The ALP, a local security force established in 2010 to work alongside the police, has been particularly destructive. In many parts of Afghanistan, governors or members of parliament run their own militias under the banner of ALP, using the pretext of fighting insurgents to terrorize the local population. In Paktika province in the country’s southeast, for example, HRW documented the case of ALP commander Azizullah, who only goes by one name, who detained and tortured a teacher for 11 days in the summer of 2012. “You must tell us that you are Taliban, that you have weapons,” Azizullah’s men told the teacher. “It is very easy for us to kill you.” Azizullah has worked closely with U.S. Special Forces, accompanying them on patrols and raids. Although the United Nations, according to information provided to Human Rights Watch, documented nine separate incidents of abuses by Azizullah’s forces from 2008 through early 2010, he has never been investigated by the Afghan authorities, let alone prosecuted.

Abdul Hakim Shujoyi, a militia leader in central Afghanistan’s Uruzgan province, became an ALP commander in 2011 at the insistence of U.S. forces. He personally murdered civilians, including a rampage in July 2011 when he shot dead 7 villagers and set fire to their crops. After a further attack in which he killed at least 9 civilians in 2012, the Ministry of Interior issued a warrant for his arrest. Nevertheless, he remains at large, apparently protected by senior government officials.

While these examples are among the most notorious, they typify an abusive state security apparatus. 

Corruption and abuse have crippled efforts to build rights-respecting judicial and security institutions in Afghanistan.

Corruption and abuse have crippled efforts to build rights-respecting judicial and security institutions in Afghanistan.
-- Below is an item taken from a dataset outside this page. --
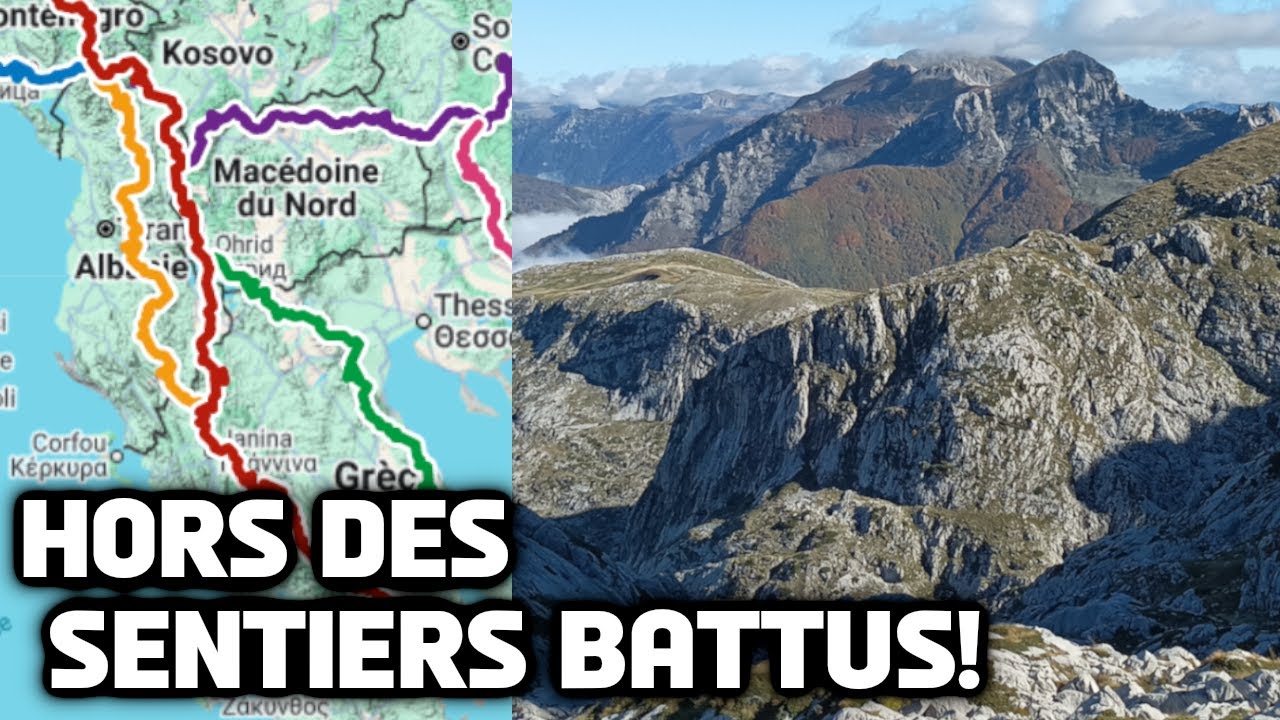 Mon itinéraire ultime pour traverser les Balkans 🇭🇷🇧🇦🇲🇪🇲🇰🇦🇱🇧🇬🇬🇷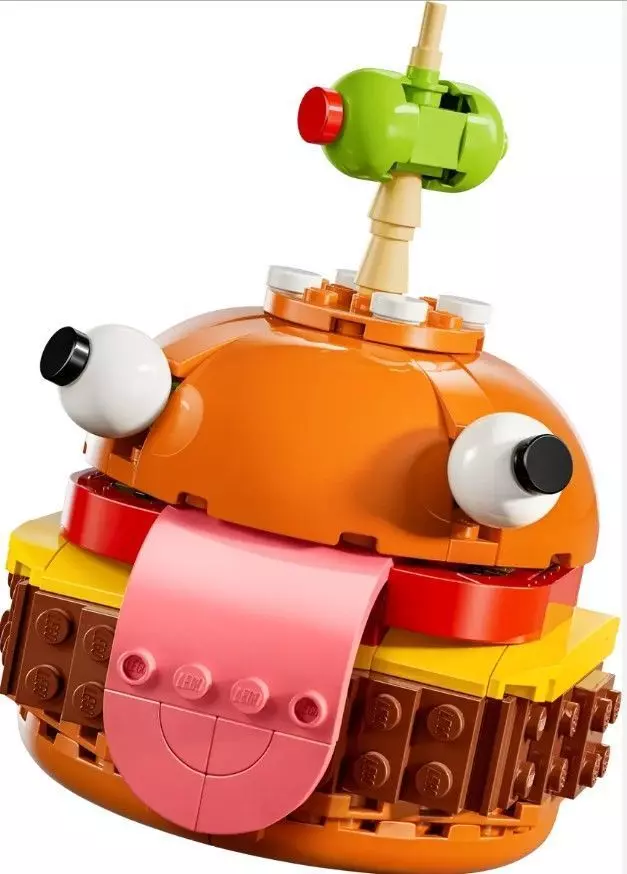 PixelBricks3D - LEGO FORTNITE Durrr Burger 3D print model_0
Instead, with the backing of the United States and other international supporters, Kabul has empowered rather than apprehended them.

Meanwhile these abuses, and the ongoing impunity for the warlords that perpetrate them, have fueled local support for the Taliban — undermining the justification for the forces’ international support. Afghanistan’s foreign allies appear oblivious to that peril. When Human Rights Watch raised this in mid-February with a European diplomat, he shrugged: “But we need these guys. To carry out our projects, they’re the only ones with the power.”
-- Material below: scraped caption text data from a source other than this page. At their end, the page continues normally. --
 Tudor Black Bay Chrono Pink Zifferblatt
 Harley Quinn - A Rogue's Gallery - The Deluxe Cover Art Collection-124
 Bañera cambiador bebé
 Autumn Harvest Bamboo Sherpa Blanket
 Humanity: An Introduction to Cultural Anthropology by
In a sense, the diplomat was right: It will not be easy to confront foreign-bankrolled strongmen who have had years to consolidate their power. They have had the behind-the-scenes backing of powerful figures, inside and outside of the Afghan government. And for many years, the United States has deemed them essential to the fight against the Taliban. Under then President Hamid Karzai, the Afghan government failed to bring these individuals and their forces to justice. Now President Ashraf Ghani, who took office in Sept. 2014, has pledged to hold security forces accountable for their actions, and end official tolerance for torture. Ghani will need not only the full support of Afghanistan’s international donors, but more importantly, their pressure to convince his administration to deliver on that politically sensitive promise.

To that end, the Obama administration should fully implement the often-ignored Leahy Law, which prohibits military assistance to any foreign unit implicated in gross human rights violations. The Leahy Law offers the United States a powerful tool to help curb human rights violations by foreign forces bankrolled by U.S. taxpayers.

The United States, as well as Afghanistan’s other international donors, should also ensure that direct assistance to Afghan security forces is benchmarked to improvements in justice mechanisms, such as prosecuting those responsible for torture and extrajudicial killings. Kabul and its supporters should recognize that the official backing of corrupt security personnel inflames insecurity. Without reform, it won’t simply be insurgents, but people like Tariq who pay the price for abusive and unaccountable forces.